Information given: Begin
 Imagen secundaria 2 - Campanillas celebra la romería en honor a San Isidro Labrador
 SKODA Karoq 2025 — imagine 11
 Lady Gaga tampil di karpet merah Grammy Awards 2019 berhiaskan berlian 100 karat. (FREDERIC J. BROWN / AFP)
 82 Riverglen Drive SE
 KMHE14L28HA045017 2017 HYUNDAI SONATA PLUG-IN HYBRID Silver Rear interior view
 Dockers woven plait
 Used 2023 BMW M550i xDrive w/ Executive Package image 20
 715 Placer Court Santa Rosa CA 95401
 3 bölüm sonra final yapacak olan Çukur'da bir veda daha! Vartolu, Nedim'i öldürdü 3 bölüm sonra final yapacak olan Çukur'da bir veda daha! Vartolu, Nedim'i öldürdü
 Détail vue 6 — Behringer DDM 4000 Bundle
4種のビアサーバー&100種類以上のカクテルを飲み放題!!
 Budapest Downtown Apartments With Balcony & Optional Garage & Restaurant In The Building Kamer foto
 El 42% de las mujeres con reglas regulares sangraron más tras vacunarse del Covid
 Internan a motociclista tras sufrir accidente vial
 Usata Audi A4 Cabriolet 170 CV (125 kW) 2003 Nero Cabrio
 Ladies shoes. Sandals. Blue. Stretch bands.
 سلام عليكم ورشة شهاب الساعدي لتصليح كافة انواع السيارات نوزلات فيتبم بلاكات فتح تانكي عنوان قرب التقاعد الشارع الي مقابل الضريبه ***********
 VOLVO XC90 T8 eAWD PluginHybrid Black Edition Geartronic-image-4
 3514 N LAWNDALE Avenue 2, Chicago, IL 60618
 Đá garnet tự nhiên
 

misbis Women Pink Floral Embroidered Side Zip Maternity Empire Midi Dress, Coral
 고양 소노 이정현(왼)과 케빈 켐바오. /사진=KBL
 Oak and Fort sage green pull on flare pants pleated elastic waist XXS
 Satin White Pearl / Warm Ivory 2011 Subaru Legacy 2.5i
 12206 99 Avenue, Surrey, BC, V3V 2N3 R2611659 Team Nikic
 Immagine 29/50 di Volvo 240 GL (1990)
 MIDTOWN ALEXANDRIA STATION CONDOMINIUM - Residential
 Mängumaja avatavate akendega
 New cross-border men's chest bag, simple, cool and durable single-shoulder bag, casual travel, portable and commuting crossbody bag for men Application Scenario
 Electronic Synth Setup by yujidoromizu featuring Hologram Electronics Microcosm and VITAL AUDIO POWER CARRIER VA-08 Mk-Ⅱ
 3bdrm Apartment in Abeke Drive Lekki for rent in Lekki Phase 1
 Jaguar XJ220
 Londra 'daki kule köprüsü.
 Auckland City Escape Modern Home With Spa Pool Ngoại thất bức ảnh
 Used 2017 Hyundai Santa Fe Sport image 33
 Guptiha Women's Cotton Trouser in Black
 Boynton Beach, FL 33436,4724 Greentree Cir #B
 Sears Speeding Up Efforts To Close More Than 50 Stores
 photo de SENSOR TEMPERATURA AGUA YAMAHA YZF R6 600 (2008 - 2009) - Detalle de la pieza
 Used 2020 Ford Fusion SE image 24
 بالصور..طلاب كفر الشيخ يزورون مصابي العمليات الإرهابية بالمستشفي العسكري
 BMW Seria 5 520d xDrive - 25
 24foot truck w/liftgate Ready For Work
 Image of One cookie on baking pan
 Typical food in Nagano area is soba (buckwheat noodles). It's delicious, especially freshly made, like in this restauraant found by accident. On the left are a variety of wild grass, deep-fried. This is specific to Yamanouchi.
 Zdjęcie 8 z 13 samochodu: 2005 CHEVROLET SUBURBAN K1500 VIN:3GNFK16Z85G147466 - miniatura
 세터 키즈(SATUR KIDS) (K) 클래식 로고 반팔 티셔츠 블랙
Information given: End
- [Instructions for the task]:
The string "tras" appears on some lines of the data; count those lines and report only how many there are.

- [Answer to this task]:
2